===== Study material
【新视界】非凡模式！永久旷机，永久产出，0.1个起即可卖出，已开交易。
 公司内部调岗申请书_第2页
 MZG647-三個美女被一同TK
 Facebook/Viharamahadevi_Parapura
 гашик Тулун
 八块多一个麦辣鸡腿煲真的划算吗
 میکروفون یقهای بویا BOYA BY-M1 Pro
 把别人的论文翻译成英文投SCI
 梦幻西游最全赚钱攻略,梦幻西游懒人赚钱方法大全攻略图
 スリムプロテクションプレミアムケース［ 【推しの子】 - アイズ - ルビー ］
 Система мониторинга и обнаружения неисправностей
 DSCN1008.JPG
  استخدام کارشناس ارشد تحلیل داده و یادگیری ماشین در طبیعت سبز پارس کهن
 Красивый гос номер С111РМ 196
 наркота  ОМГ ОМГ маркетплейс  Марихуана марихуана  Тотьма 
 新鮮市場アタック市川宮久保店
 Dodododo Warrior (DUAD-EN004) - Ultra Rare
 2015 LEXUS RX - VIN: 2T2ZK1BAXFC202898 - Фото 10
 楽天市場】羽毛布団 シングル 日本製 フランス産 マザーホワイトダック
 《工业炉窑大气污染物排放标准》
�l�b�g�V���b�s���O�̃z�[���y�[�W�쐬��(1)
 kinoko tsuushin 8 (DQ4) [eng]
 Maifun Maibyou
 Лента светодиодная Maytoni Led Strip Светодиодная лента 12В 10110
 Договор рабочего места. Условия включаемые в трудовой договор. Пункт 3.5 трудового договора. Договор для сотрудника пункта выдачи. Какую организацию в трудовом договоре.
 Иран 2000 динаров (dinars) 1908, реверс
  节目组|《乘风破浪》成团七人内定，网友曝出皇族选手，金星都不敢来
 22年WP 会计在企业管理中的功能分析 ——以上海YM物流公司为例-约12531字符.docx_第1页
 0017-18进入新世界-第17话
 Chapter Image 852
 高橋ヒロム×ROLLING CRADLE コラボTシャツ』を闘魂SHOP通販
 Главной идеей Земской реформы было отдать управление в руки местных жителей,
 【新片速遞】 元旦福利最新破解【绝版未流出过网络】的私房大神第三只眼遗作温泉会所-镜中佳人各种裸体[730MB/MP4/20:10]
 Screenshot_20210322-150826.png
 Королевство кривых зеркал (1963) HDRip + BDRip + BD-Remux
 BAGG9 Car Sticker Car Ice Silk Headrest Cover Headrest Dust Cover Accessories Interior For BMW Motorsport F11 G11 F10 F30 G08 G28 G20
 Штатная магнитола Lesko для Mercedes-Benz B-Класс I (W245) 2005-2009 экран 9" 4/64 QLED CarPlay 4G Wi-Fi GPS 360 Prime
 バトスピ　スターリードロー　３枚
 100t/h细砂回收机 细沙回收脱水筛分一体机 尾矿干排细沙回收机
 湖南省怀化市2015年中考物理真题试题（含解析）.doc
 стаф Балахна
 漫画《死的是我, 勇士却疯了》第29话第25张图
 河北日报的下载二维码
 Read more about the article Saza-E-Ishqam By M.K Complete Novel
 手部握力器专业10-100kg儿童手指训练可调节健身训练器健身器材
==========
Exercise description: The records above should be copied out again in full, exactly as they appear.

Response to the exercise:
【新视界】非凡模式！永久旷机，永久产出，0.1个起即可卖出，已开交易。
 公司内部调岗申请书_第2页
 MZG647-三個美女被一同TK
 Facebook/Viharamahadevi_Parapura
 гашик Тулун
 八块多一个麦辣鸡腿煲真的划算吗
 میکروفون یقهای بویا BOYA BY-M1 Pro
 把别人的论文翻译成英文投SCI
 梦幻西游最全赚钱攻略,梦幻西游懒人赚钱方法大全攻略图
 スリムプロテクションプレミアムケース［ 【推しの子】 - アイズ - ルビー ］
 Система мониторинга и обнаружения неисправностей
 DSCN1008.JPG
  استخدام کارشناس ارشد تحلیل داده و یادگیری ماشین در طبیعت سبز پارس کهن
 Красивый гос номер С111РМ 196
 наркота  ОМГ ОМГ маркетплейс  Марихуана марихуана  Тотьма 
 新鮮市場アタック市川宮久保店
 Dodododo Warrior (DUAD-EN004) - Ultra Rare
 2015 LEXUS RX - VIN: 2T2ZK1BAXFC202898 - Фото 10
 楽天市場】羽毛布団 シングル 日本製 フランス産 マザーホワイトダック
 《工业炉窑大气污染物排放标准》
�l�b�g�V���b�s���O�̃z�[���y�[�W�쐬��(1)
 kinoko tsuushin 8 (DQ4) [eng]
 Maifun Maibyou
 Лента светодиодная Maytoni Led Strip Светодиодная лента 12В 10110
 Договор рабочего места. Условия включаемые в трудовой договор. Пункт 3.5 трудового договора. Договор для сотрудника пункта выдачи. Какую организацию в трудовом договоре.
 Иран 2000 динаров (dinars) 1908, реверс
  节目组|《乘风破浪》成团七人内定，网友曝出皇族选手，金星都不敢来
 22年WP 会计在企业管理中的功能分析 ——以上海YM物流公司为例-约12531字符.docx_第1页
 0017-18进入新世界-第17话
 Chapter Image 852
 高橋ヒロム×ROLLING CRADLE コラボTシャツ』を闘魂SHOP通販
 Главной идеей Земской реформы было отдать управление в руки местных жителей,
 【新片速遞】 元旦福利最新破解【绝版未流出过网络】的私房大神第三只眼遗作温泉会所-镜中佳人各种裸体[730MB/MP4/20:10]
 Screenshot_20210322-150826.png
 Королевство кривых зеркал (1963) HDRip + BDRip + BD-Remux
 BAGG9 Car Sticker Car Ice Silk Headrest Cover Headrest Dust Cover Accessories Interior For BMW Motorsport F11 G11 F10 F30 G08 G28 G20
 Штатная магнитола Lesko для Mercedes-Benz B-Класс I (W245) 2005-2009 экран 9" 4/64 QLED CarPlay 4G Wi-Fi GPS 360 Prime
 バトスピ　スターリードロー　３枚
 100t/h细砂回收机 细沙回收脱水筛分一体机 尾矿干排细沙回收机
 湖南省怀化市2015年中考物理真题试题（含解析）.doc
 стаф Балахна
 漫画《死的是我, 勇士却疯了》第29话第25张图
 河北日报的下载二维码
 Read more about the article Saza-E-Ishqam By M.K Complete Novel
 手部握力器专业10-100kg儿童手指训练可调节健身训练器健身器材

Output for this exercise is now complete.